Records shown: Begin

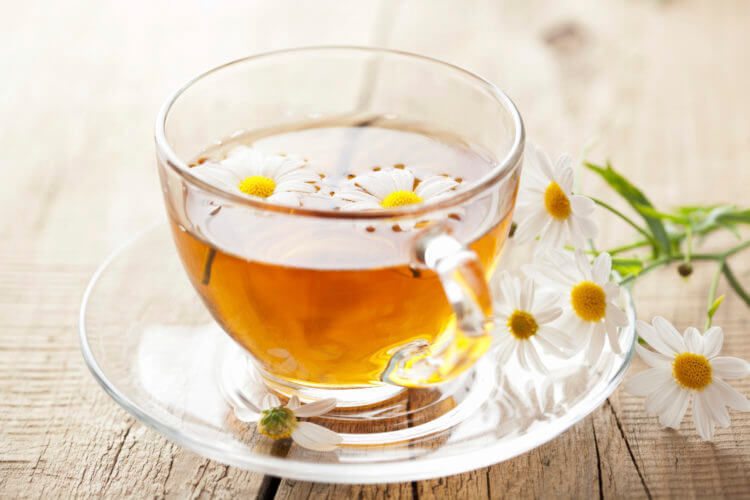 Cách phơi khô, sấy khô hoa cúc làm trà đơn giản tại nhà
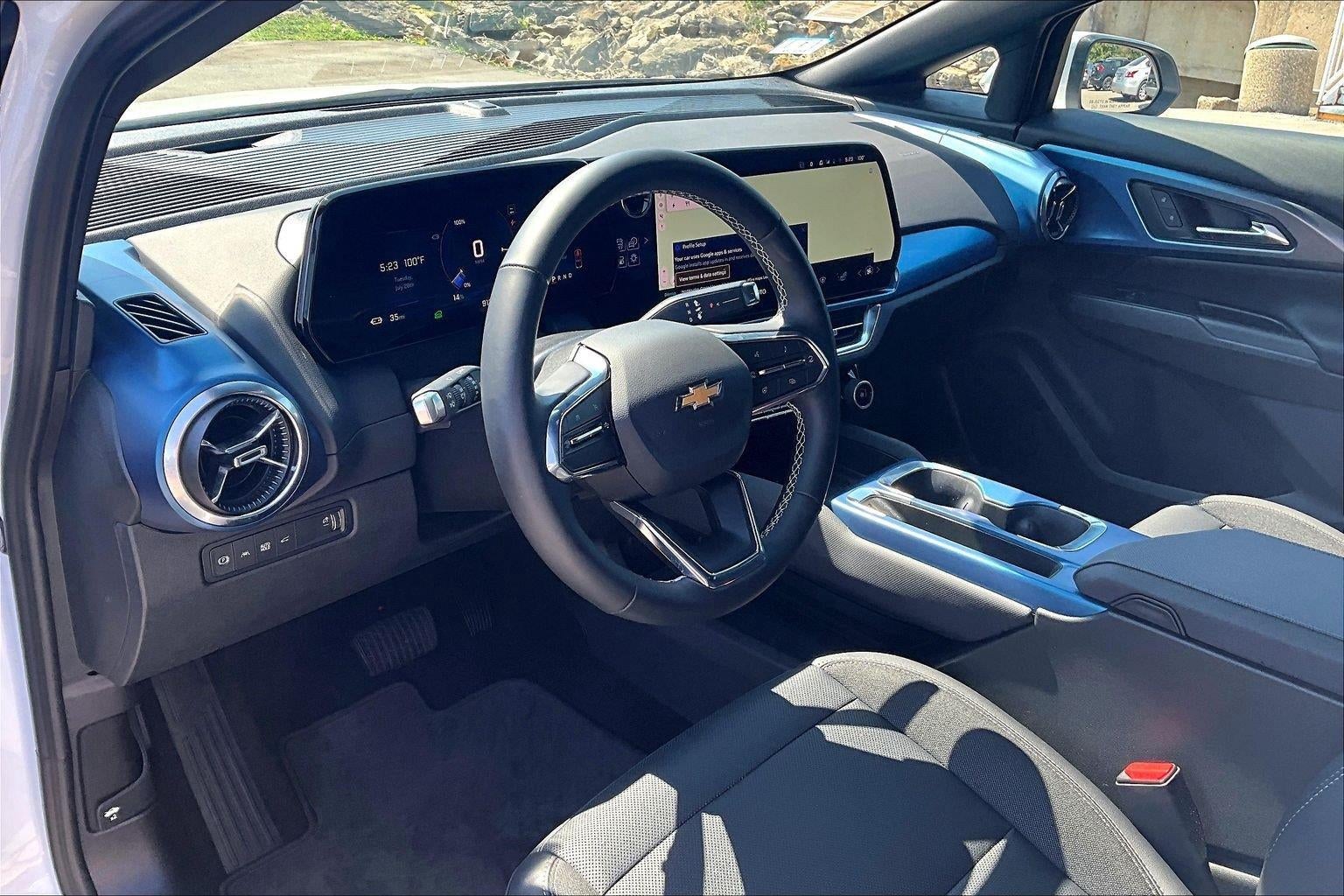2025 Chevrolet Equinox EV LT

Records shown: End
Records shown: Begin

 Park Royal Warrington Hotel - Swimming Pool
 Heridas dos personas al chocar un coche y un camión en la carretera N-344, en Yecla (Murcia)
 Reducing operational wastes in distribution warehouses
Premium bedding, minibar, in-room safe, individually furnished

Records shown: End

What this task involves:
Range to print from the listing above: from the line with "Cách phơi khô, sấy" up to and including the line with "2025 Chevrolet Equinox EV LT". Please print those lines exactly, with no pictures and nothing more.

Solved problem:
 Cách phơi khô, sấy khô hoa cúc làm trà đơn giản tại nhà
2025 Chevrolet Equinox EV LT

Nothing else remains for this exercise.